> [Exercise directions]:
For this exercise, repeat the listing below from its first line through the line containing "Fit Tesla Side", exactly as written.
------ Input data ------
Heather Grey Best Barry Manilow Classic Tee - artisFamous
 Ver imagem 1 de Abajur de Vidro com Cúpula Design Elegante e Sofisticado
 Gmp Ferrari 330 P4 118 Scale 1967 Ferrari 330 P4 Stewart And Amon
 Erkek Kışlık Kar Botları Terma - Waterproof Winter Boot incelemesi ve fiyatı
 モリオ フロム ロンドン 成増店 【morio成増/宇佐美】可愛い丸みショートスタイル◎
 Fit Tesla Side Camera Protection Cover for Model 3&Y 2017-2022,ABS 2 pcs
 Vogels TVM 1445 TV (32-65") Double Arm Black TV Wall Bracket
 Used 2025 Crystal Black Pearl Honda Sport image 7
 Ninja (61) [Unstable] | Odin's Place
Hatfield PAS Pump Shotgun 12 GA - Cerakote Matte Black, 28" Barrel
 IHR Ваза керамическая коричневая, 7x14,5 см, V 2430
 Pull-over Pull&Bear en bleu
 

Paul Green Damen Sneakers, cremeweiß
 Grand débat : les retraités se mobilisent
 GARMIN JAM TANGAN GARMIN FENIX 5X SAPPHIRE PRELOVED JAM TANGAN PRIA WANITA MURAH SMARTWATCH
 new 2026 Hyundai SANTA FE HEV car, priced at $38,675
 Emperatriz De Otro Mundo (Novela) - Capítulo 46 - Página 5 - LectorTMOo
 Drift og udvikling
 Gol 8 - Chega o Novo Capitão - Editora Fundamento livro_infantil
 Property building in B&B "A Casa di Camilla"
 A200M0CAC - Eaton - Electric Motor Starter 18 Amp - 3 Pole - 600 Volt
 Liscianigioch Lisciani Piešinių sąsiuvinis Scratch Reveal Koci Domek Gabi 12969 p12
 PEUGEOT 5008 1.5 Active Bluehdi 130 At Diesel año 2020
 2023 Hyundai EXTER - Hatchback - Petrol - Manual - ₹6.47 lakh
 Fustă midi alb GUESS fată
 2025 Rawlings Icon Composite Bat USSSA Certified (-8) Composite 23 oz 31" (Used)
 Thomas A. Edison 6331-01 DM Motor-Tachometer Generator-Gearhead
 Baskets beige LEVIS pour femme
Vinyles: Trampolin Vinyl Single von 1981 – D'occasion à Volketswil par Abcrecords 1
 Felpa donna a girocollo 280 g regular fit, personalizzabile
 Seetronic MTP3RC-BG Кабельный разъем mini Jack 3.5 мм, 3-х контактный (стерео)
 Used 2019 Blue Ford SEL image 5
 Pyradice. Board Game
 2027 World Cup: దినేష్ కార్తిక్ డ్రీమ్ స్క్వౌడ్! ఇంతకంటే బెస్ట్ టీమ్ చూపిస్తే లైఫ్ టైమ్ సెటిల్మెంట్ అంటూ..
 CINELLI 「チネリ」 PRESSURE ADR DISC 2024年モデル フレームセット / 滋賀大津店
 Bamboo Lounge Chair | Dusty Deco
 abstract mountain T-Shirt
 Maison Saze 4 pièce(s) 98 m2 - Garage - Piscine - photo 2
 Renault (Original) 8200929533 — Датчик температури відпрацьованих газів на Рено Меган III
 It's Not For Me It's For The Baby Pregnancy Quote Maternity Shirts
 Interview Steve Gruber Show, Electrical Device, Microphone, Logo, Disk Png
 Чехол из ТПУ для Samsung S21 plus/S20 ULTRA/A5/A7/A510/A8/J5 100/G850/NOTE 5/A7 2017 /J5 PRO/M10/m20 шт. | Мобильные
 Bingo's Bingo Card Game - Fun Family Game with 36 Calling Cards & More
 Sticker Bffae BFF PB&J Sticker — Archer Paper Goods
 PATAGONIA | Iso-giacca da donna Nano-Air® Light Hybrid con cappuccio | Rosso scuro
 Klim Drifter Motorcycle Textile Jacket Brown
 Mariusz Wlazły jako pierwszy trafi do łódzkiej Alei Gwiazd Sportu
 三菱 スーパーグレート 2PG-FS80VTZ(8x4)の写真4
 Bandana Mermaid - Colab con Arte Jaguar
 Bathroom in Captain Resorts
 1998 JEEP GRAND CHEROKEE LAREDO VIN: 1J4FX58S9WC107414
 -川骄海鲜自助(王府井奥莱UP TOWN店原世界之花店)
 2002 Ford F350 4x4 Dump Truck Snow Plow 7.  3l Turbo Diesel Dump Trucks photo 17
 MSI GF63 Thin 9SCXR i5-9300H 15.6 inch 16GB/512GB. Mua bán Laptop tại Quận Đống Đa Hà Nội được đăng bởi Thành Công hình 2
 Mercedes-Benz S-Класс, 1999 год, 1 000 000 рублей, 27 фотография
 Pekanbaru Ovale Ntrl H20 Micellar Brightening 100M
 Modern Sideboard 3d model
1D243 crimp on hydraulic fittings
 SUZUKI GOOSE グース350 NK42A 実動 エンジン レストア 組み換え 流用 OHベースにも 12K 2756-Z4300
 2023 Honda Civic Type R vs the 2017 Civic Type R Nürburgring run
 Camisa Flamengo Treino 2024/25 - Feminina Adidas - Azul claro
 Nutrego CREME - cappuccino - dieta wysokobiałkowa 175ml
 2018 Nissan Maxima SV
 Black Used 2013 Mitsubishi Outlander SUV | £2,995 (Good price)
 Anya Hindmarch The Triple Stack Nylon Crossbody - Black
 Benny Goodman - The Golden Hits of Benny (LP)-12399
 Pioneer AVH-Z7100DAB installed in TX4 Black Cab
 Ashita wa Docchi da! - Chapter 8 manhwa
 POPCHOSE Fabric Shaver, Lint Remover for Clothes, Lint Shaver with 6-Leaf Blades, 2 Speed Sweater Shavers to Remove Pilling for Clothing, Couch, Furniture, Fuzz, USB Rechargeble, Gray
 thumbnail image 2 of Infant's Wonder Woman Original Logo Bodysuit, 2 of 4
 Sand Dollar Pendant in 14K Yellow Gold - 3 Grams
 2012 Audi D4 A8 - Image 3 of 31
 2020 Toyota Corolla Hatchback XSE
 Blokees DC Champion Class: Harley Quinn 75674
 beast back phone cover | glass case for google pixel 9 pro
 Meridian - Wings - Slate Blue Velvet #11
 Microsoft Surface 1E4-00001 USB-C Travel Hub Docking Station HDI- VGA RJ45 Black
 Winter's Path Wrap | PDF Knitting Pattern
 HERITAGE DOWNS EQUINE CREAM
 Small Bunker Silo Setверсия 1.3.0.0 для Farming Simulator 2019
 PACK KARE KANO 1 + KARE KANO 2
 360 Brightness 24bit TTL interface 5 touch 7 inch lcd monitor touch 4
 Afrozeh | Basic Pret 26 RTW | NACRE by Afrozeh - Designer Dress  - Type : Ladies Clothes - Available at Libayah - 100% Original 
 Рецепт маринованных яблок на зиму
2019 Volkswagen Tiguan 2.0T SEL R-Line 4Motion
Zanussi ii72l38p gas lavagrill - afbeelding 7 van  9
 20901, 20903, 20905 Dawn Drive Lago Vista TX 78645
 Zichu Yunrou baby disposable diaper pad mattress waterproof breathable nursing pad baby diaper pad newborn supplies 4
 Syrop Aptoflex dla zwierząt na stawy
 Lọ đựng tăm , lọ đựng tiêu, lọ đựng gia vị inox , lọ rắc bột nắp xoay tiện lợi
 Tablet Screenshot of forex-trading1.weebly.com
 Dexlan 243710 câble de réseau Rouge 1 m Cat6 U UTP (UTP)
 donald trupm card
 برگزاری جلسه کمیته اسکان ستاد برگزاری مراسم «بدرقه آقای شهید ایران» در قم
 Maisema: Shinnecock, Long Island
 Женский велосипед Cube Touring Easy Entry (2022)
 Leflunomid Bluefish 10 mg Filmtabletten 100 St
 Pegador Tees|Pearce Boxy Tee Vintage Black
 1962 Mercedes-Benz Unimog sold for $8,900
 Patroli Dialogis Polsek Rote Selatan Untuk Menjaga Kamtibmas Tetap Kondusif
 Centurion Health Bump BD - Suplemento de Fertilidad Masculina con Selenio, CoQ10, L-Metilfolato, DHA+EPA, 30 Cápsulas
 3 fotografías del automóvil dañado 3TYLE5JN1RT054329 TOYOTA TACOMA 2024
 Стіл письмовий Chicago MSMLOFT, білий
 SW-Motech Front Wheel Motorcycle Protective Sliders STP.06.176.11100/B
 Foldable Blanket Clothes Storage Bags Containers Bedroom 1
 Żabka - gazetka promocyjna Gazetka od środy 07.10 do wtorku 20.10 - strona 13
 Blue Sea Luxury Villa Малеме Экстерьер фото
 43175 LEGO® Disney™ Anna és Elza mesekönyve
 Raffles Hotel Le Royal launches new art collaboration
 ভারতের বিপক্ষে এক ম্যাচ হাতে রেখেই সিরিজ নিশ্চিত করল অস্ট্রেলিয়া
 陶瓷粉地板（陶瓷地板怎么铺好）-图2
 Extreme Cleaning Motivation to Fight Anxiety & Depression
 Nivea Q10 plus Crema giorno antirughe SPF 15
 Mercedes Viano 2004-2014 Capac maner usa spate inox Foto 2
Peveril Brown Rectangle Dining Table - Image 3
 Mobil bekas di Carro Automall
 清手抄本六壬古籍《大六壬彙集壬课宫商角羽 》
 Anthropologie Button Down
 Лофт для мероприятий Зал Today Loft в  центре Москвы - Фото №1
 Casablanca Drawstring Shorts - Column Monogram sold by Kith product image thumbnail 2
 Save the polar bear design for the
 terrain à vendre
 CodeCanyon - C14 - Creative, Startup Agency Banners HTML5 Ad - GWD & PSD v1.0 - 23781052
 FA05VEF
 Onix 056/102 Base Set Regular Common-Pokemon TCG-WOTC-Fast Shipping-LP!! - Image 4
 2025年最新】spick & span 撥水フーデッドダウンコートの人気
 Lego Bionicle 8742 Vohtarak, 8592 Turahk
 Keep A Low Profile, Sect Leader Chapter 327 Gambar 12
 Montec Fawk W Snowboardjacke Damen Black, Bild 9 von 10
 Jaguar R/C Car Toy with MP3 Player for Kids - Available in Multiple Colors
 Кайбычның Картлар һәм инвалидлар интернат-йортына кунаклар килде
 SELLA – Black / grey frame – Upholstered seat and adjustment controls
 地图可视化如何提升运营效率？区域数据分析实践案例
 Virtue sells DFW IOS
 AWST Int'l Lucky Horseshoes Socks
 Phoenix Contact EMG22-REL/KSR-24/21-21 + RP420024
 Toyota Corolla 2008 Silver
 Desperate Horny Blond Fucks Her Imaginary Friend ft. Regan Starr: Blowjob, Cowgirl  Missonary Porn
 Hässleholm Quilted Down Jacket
------
> [Exercise solution]:
Heather Grey Best Barry Manilow Classic Tee - artisFamous
 Ver imagem 1 de Abajur de Vidro com Cúpula Design Elegante e Sofisticado
 Gmp Ferrari 330 P4 118 Scale 1967 Ferrari 330 P4 Stewart And Amon
 Erkek Kışlık Kar Botları Terma - Waterproof Winter Boot incelemesi ve fiyatı
 モリオ フロム ロンドン 成増店 【morio成増/宇佐美】可愛い丸みショートスタイル◎
 Fit Tesla Side Camera Protection Cover for Model 3&Y 2017-2022,ABS 2 pcs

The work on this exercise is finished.